Try it.
When you find the line with "Aromatherapy Scented Candle" among the records below, reproduce it and each line after it exactly, ending with the line with "Penye Şal - Kahverengi".
+++ Data shown
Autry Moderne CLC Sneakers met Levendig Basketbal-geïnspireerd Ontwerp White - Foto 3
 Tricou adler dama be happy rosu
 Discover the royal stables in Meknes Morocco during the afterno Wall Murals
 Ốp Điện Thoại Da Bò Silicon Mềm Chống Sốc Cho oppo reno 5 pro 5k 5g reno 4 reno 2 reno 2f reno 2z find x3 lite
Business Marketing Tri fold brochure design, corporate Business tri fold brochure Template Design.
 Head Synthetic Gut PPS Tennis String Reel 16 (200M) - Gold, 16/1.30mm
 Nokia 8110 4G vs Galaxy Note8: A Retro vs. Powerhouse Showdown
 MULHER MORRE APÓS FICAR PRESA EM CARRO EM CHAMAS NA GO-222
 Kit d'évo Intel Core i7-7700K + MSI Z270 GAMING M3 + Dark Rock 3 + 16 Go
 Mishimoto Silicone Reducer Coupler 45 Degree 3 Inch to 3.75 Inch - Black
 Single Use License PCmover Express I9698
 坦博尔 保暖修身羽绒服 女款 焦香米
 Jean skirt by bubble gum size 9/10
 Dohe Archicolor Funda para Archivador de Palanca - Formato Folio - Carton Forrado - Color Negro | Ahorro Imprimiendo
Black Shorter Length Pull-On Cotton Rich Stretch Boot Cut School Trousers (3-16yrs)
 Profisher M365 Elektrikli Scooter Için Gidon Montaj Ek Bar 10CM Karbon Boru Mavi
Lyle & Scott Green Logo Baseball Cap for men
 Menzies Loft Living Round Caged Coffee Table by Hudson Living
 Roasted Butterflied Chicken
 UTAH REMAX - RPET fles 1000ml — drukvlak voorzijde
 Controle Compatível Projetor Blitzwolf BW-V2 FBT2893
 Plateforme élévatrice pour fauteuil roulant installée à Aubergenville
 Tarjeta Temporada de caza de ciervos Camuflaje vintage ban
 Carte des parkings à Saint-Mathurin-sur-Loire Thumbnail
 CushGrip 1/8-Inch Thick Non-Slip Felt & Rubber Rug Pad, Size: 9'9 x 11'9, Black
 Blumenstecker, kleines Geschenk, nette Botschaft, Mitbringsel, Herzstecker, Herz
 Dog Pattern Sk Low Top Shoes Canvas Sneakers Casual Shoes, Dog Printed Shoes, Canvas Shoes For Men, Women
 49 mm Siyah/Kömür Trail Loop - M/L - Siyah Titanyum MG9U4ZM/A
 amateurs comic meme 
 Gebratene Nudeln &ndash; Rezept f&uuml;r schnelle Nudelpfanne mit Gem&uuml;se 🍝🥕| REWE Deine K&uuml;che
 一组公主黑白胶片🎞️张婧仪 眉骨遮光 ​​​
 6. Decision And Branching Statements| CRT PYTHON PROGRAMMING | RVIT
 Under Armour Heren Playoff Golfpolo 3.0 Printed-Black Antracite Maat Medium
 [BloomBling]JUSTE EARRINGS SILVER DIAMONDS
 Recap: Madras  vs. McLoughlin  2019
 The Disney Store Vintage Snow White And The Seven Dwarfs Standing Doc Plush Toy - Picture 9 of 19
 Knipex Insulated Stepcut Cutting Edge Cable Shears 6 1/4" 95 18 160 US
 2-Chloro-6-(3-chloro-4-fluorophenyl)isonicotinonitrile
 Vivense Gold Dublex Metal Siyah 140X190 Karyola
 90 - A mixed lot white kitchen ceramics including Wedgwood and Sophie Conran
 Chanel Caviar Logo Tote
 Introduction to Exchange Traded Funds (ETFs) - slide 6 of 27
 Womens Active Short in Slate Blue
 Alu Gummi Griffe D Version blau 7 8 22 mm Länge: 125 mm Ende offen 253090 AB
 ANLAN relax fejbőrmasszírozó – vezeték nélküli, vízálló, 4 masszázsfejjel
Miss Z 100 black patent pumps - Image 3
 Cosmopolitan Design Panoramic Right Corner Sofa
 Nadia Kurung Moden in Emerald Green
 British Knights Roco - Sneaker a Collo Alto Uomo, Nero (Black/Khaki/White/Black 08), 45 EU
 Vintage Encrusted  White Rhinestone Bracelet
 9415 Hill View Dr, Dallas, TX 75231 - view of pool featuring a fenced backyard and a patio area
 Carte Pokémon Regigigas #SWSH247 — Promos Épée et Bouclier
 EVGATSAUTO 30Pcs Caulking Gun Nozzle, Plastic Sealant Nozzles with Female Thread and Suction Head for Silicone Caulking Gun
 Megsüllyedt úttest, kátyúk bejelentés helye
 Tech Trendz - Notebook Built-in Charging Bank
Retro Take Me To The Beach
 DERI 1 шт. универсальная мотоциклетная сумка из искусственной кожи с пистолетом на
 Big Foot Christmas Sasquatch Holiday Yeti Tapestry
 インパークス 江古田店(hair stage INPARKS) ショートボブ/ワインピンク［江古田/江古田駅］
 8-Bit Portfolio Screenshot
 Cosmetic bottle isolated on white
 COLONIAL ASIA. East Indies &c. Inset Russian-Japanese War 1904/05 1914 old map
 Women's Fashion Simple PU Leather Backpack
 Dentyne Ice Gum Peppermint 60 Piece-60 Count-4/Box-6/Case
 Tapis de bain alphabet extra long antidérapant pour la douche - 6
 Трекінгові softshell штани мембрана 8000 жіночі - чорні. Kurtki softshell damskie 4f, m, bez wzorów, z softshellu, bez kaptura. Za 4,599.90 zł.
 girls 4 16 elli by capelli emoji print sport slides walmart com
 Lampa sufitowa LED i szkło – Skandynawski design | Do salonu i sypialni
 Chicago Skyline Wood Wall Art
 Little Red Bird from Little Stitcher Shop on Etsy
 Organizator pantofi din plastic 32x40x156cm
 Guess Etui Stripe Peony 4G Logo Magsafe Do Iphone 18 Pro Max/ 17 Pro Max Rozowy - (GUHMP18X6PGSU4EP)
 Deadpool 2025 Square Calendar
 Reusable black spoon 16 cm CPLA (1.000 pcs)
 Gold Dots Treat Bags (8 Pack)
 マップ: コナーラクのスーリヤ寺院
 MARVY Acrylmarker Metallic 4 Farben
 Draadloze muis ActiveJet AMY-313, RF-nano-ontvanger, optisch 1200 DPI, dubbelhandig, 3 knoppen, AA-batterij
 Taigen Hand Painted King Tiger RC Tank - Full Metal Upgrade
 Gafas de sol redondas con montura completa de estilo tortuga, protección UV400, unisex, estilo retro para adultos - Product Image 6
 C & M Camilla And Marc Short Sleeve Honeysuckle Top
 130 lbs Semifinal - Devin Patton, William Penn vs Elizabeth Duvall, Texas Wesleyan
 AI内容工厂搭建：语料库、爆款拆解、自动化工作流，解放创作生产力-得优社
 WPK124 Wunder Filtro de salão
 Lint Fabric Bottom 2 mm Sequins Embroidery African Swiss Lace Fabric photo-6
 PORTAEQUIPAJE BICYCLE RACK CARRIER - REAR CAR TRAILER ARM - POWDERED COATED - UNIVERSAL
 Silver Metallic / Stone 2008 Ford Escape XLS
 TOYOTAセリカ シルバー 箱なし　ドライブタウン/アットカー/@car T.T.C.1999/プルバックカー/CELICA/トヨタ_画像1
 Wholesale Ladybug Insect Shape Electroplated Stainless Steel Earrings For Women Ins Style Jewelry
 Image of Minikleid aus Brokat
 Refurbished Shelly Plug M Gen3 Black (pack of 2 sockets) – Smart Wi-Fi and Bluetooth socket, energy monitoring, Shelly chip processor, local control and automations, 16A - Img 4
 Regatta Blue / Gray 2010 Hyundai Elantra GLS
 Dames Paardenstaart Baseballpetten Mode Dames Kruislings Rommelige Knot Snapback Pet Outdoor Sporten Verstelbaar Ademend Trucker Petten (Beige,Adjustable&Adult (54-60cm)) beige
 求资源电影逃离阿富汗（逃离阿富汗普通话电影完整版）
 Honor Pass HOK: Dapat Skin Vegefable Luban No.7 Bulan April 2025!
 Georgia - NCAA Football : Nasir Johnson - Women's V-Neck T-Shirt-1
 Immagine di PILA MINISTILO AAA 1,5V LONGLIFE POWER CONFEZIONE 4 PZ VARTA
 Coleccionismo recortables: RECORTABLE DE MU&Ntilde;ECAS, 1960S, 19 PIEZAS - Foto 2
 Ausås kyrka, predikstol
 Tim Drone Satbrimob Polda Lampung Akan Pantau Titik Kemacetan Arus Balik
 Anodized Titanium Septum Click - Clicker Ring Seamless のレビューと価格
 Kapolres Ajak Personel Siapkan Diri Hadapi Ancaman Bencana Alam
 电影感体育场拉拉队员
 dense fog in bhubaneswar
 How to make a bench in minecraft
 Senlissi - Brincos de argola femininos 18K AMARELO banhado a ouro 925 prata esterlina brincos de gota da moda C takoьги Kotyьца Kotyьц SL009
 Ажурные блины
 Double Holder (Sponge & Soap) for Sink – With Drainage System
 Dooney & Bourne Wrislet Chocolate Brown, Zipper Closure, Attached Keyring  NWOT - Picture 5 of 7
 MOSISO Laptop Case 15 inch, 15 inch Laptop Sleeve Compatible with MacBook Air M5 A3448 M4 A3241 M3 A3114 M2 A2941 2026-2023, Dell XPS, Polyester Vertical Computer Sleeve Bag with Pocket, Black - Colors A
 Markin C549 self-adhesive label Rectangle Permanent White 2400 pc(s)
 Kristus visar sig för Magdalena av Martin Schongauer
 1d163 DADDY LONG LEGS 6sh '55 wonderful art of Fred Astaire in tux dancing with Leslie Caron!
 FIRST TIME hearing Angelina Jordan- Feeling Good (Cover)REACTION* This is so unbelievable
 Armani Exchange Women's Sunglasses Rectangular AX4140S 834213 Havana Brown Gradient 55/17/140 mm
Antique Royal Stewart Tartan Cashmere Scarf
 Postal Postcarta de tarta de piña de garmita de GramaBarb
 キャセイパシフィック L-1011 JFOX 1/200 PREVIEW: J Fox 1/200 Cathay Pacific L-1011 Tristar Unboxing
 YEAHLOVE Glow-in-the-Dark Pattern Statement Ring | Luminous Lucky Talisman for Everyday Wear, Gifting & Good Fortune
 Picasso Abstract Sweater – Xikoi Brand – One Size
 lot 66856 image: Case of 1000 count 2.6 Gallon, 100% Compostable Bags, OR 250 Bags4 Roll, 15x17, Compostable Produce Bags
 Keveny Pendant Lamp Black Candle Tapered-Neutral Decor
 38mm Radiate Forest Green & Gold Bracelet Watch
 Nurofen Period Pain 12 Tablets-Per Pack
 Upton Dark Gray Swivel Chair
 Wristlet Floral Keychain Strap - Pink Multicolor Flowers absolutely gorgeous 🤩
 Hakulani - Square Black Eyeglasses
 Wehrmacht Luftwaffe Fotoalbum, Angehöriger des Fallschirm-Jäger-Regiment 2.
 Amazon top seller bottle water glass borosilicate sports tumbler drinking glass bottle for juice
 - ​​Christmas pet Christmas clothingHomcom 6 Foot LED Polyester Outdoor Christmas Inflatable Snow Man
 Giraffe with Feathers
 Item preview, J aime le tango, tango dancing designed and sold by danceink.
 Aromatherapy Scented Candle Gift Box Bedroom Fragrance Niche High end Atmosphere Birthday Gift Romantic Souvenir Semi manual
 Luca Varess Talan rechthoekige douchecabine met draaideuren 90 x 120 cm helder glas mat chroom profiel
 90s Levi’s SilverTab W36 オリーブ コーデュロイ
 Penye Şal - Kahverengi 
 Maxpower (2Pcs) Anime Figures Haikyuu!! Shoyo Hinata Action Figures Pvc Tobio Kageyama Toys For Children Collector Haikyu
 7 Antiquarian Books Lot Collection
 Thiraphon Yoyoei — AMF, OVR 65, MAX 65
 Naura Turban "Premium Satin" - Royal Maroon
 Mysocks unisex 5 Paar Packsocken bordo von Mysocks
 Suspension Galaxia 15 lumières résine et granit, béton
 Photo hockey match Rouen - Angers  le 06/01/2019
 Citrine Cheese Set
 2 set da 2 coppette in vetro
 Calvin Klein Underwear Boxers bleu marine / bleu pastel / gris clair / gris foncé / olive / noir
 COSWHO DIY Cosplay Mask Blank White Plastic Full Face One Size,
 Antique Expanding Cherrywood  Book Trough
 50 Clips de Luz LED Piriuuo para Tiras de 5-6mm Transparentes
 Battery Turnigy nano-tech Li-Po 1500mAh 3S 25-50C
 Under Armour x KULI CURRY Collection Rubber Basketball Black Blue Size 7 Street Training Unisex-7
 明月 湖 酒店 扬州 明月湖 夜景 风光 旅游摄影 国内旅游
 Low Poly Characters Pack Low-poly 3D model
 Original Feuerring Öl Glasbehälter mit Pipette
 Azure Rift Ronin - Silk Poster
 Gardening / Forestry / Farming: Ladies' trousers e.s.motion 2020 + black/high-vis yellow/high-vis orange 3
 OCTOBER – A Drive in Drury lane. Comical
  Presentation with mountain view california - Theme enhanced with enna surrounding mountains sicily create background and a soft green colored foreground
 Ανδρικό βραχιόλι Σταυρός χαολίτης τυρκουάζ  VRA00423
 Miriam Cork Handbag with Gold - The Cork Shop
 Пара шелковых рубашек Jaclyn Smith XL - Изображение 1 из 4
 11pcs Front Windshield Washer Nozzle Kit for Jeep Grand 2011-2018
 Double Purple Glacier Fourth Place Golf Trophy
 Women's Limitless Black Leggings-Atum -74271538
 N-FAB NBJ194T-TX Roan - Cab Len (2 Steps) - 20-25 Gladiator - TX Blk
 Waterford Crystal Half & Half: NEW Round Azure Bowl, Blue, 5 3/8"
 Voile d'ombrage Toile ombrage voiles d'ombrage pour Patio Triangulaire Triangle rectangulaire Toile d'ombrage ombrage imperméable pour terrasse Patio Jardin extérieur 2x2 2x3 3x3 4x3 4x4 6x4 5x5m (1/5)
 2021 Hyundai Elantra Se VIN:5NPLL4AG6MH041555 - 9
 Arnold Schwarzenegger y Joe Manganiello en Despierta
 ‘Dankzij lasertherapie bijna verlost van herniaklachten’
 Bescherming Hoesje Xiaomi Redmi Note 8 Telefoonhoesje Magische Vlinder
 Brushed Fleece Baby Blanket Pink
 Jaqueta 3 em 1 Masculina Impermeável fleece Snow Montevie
++++++
Result of the exercise.
 Aromatherapy Scented Candle Gift Box Bedroom Fragrance Niche High end Atmosphere Birthday Gift Romantic Souvenir Semi manual
 Luca Varess Talan rechthoekige douchecabine met draaideuren 90 x 120 cm helder glas mat chroom profiel
 90s Levi’s SilverTab W36 オリーブ コーデュロイ
 Penye Şal - Kahverengi 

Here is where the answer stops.